[Captioned web images]
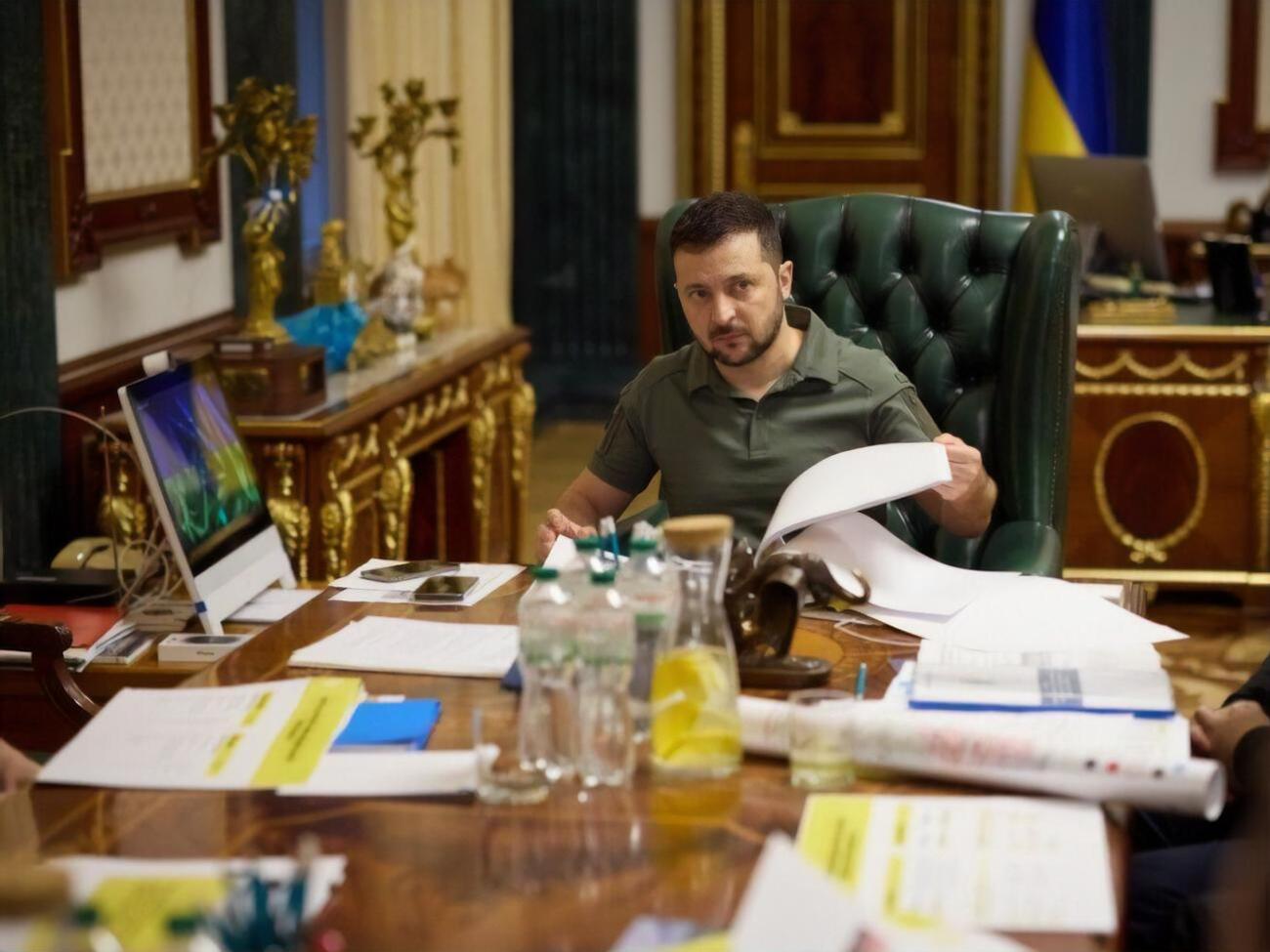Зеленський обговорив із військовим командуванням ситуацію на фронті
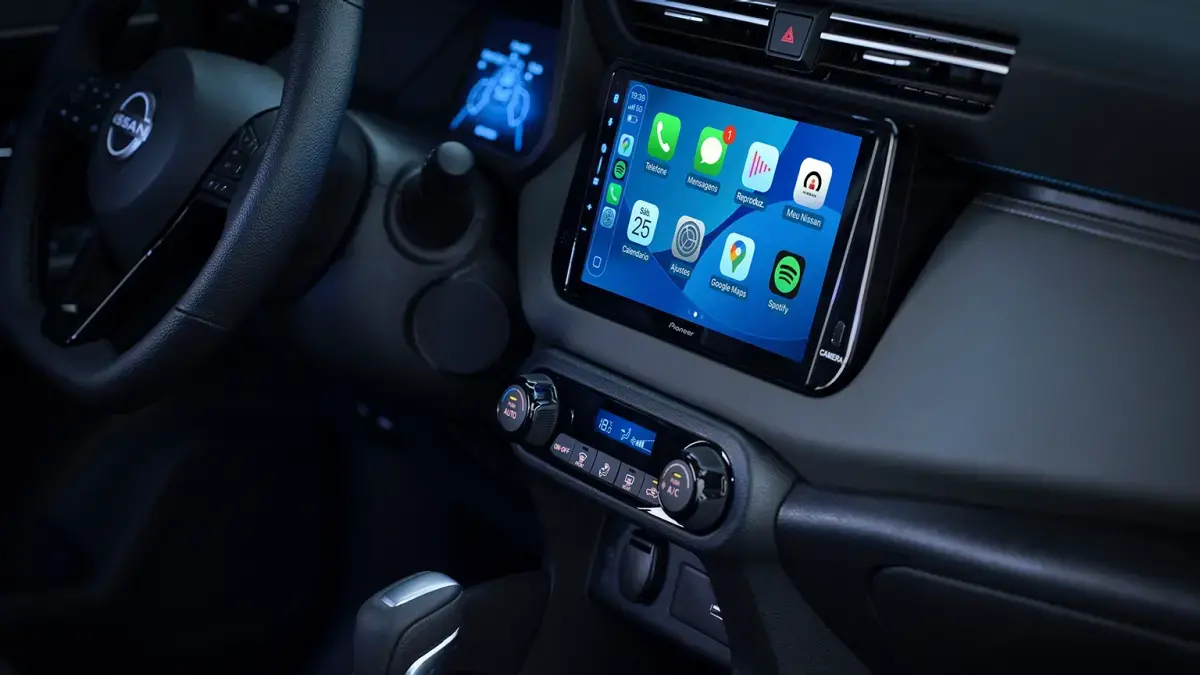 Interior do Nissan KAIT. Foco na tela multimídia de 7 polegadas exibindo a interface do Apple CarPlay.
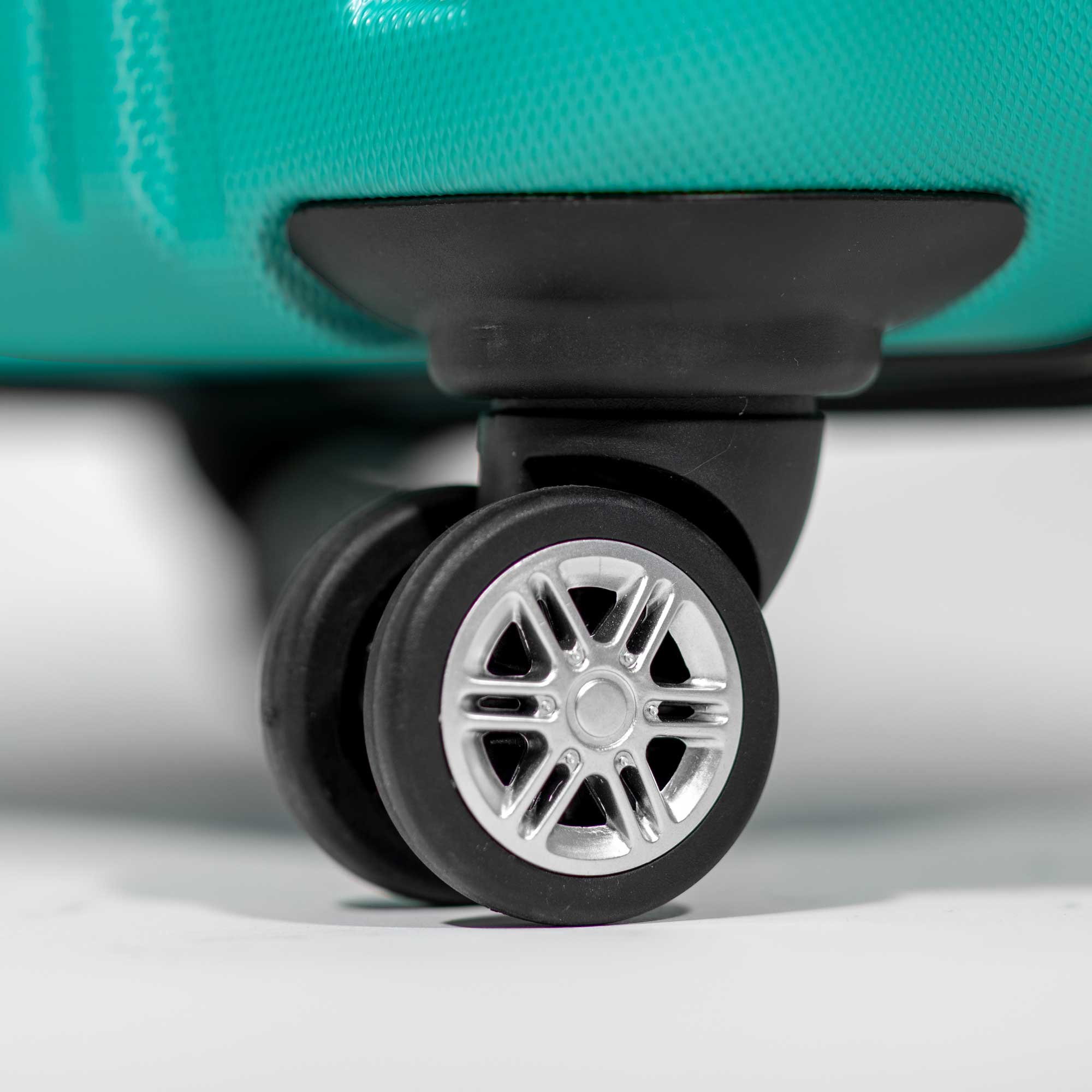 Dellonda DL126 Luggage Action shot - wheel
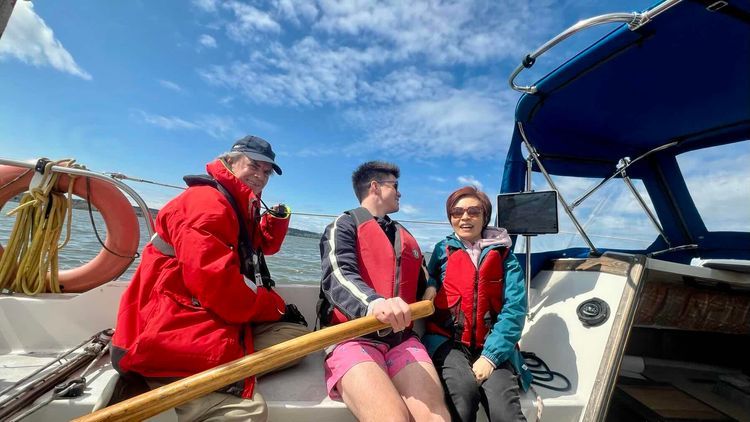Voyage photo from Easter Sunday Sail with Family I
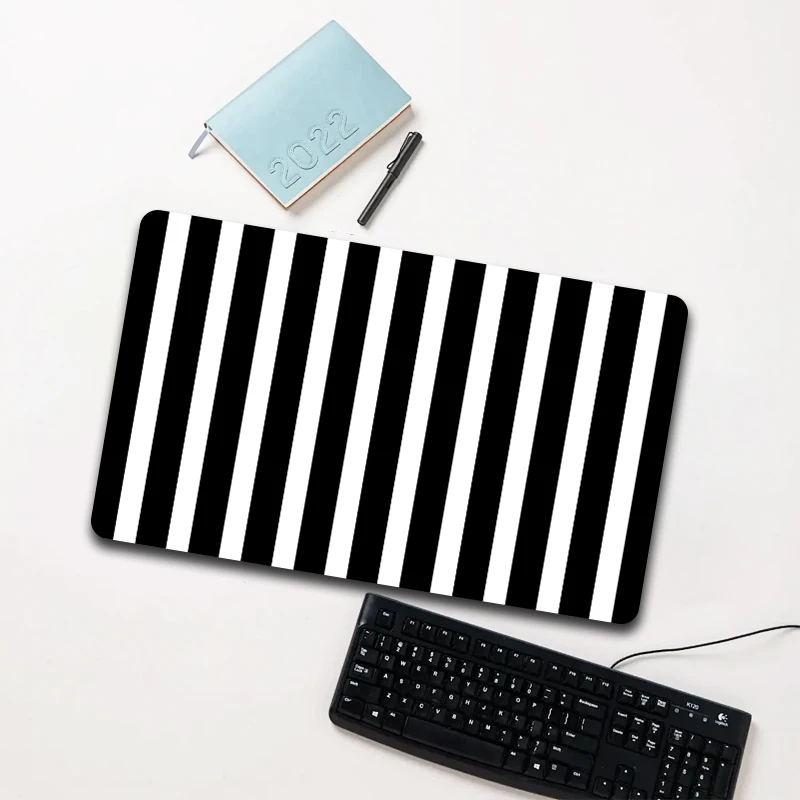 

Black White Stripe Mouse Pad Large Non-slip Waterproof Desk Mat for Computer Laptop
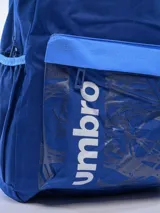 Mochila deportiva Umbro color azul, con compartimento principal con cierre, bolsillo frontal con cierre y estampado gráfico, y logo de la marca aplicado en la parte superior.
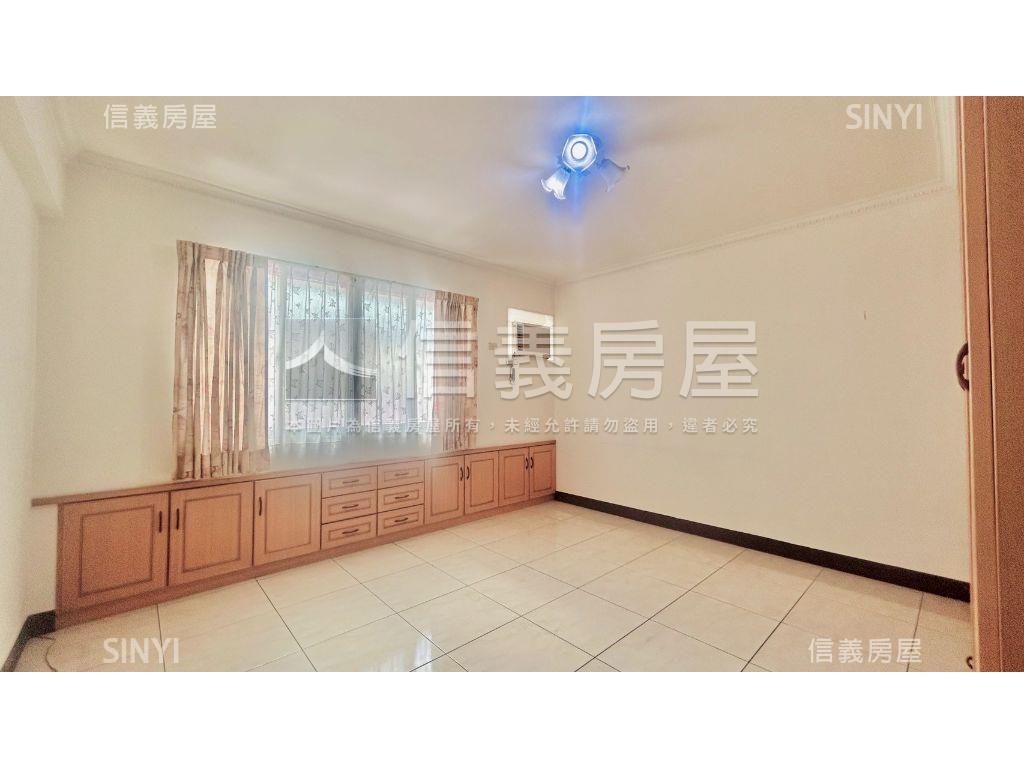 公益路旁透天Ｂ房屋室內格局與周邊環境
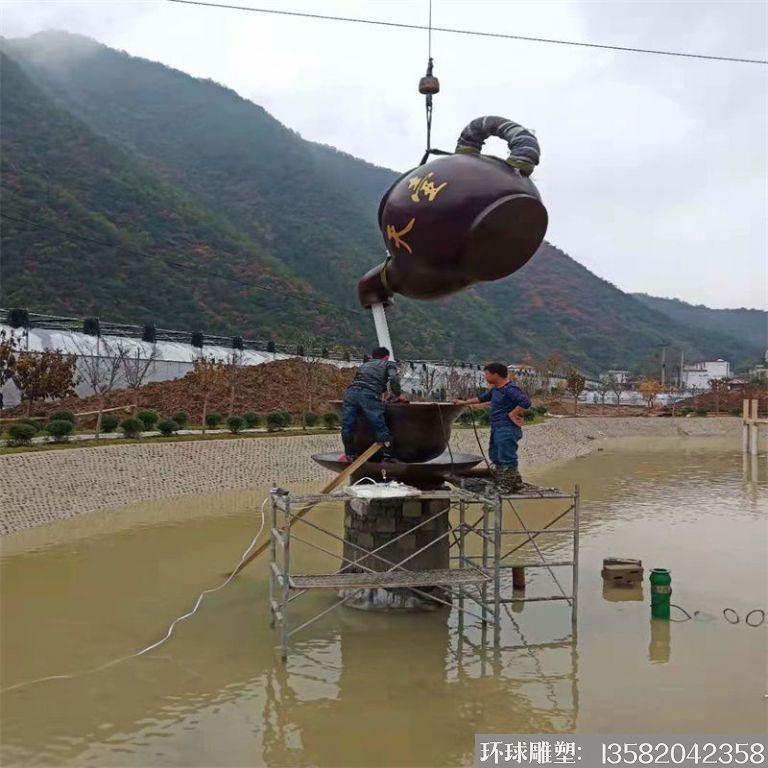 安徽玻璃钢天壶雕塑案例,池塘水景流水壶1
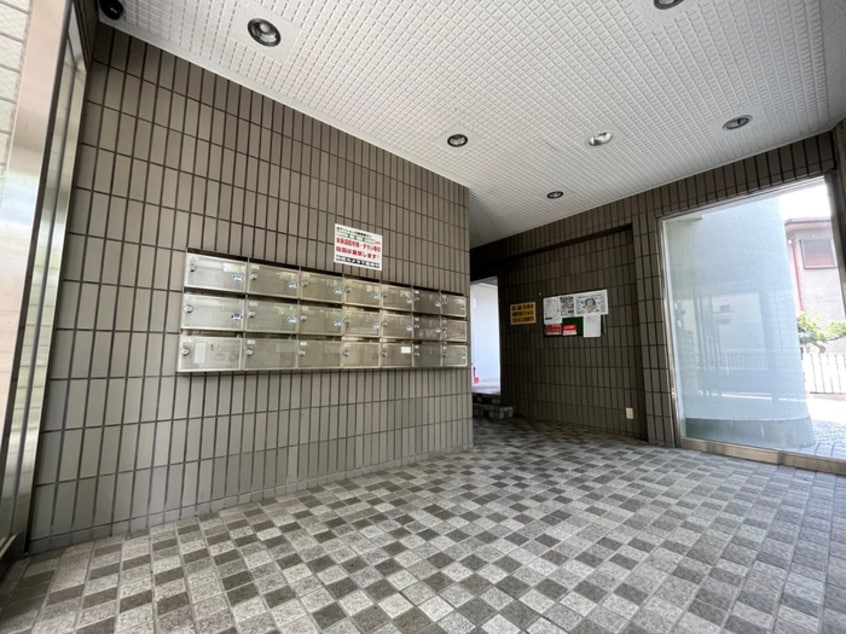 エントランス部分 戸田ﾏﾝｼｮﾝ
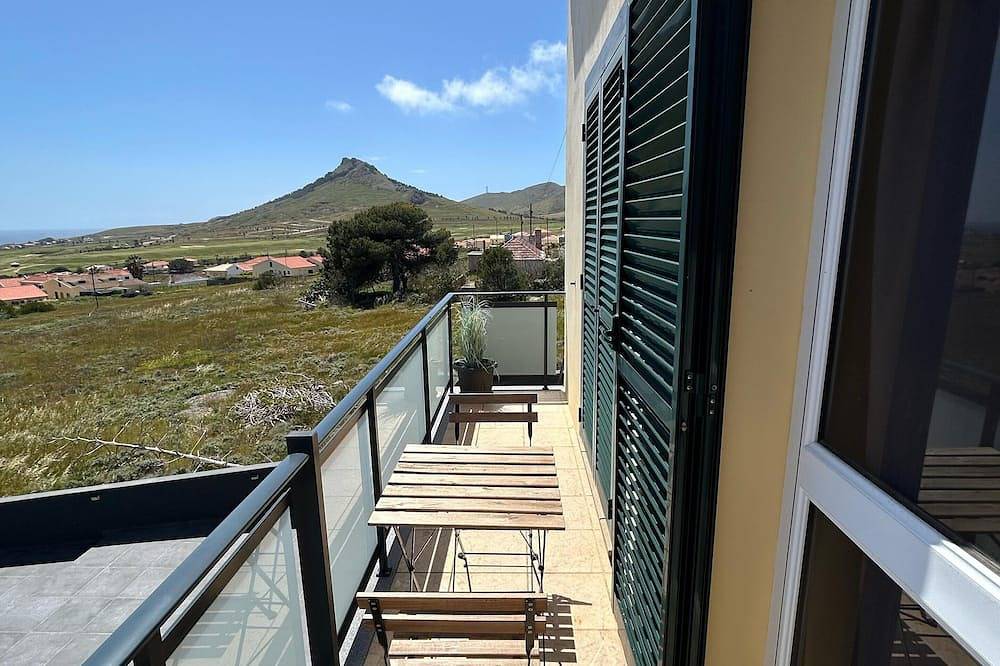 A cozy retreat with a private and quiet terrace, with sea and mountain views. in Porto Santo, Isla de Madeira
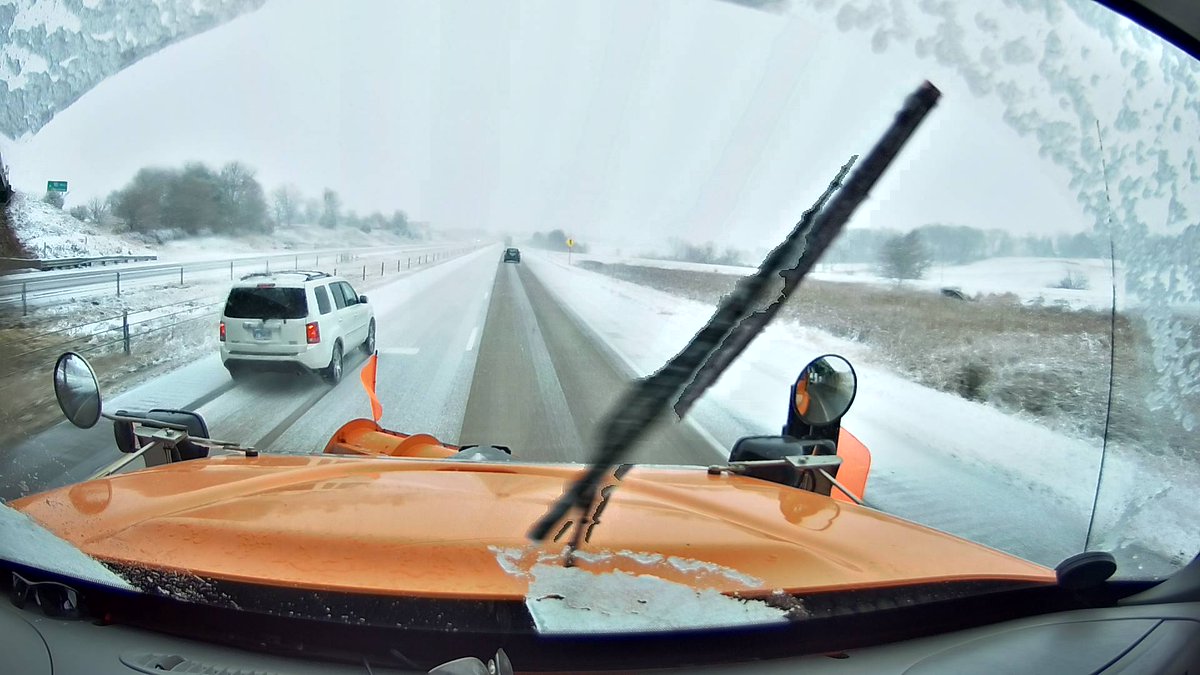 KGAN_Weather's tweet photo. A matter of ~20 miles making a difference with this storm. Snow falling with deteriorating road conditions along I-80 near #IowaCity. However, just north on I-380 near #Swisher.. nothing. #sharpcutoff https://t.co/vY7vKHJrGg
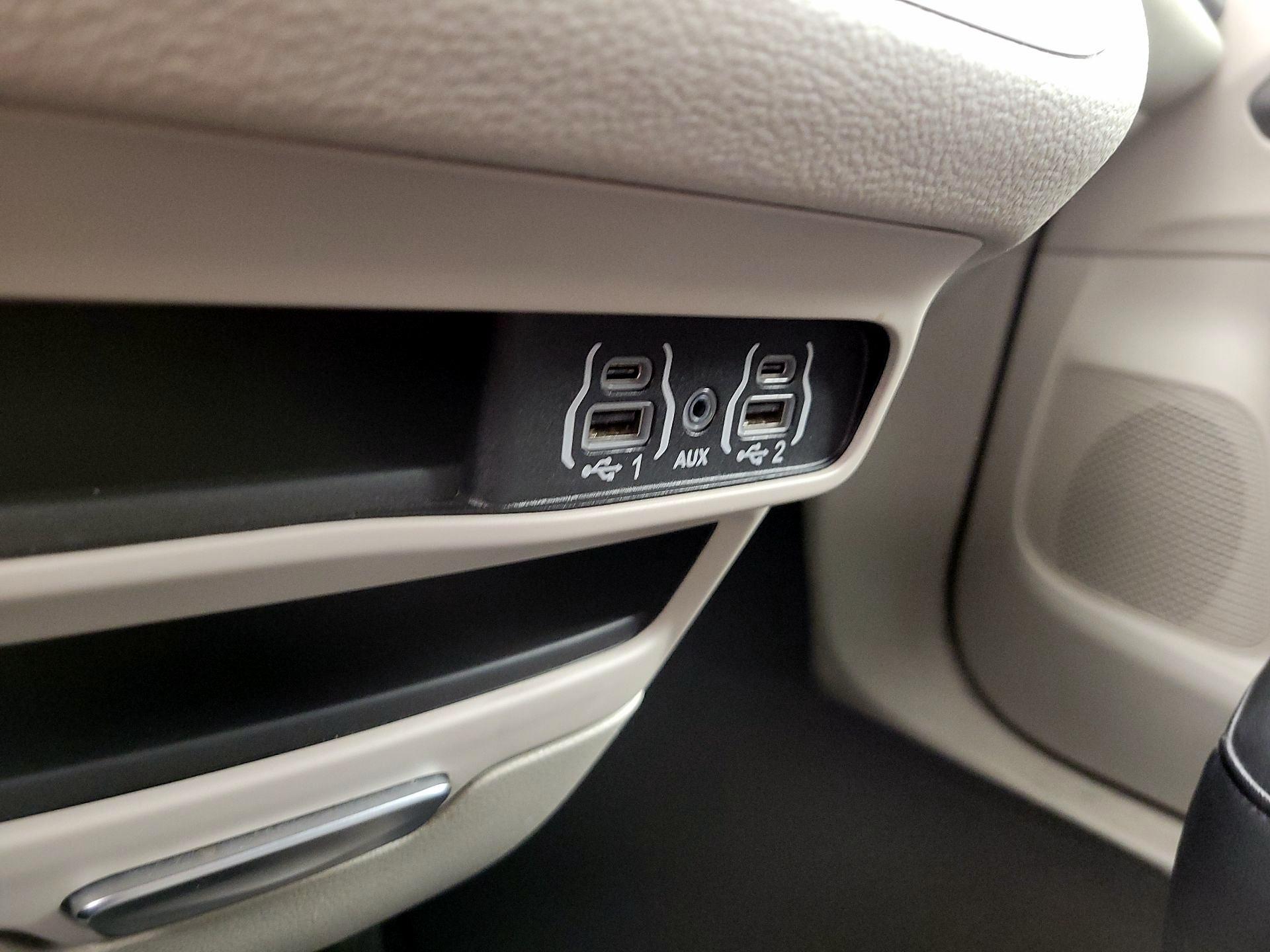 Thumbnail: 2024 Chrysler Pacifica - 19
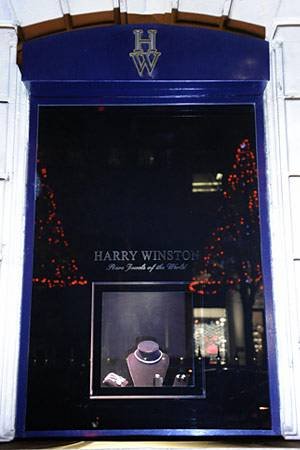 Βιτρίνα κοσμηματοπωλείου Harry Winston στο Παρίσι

Task to carry out: Write out again exactly the lines from the start of the data above through the line containing "A cozy retreat", inclusive, excluding any pictures.

Response area:
Зеленський обговорив із військовим командуванням ситуацію на фронті
 Interior do Nissan KAIT. Foco na tela multimídia de 7 polegadas exibindo a interface do Apple CarPlay.
 Dellonda DL126 Luggage Action shot - wheel
Voyage photo from Easter Sunday Sail with Family I

Black White Stripe Mouse Pad Large Non-slip Waterproof Desk Mat for Computer Laptop
 Mochila deportiva Umbro color azul, con compartimento principal con cierre, bolsillo frontal con cierre y estampado gráfico, y logo de la marca aplicado en la parte superior.
 公益路旁透天Ｂ房屋室內格局與周邊環境
 安徽玻璃钢天壶雕塑案例,池塘水景流水壶1
 エントランス部分 戸田ﾏﾝｼｮﾝ
 A cozy retreat with a private and quiet terrace, with sea and mountain views. in Porto Santo, Isla de Madeira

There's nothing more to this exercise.